Your objective
Everything in the data below is left aside except the lines from the one containing "19 cm brass" through the one containing "Tropical Leaves Pattern"; repeat those exactly.

Task input
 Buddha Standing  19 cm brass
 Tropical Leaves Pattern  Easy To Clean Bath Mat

---

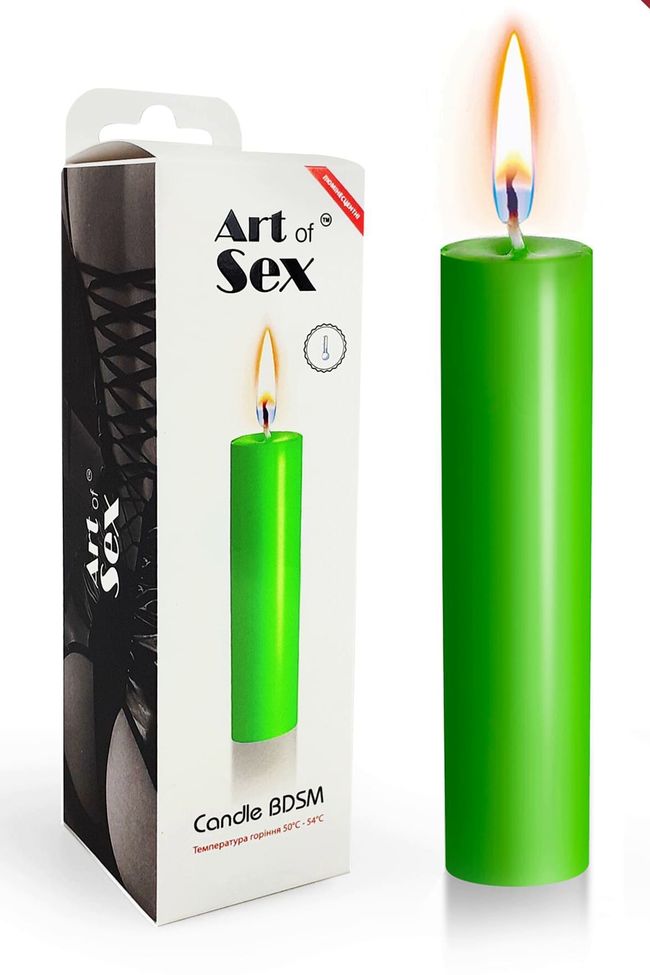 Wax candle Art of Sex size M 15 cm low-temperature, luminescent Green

Your solution
 Buddha Standing  19 cm brass
 Tropical Leaves Pattern  Easy To Clean Bath Mat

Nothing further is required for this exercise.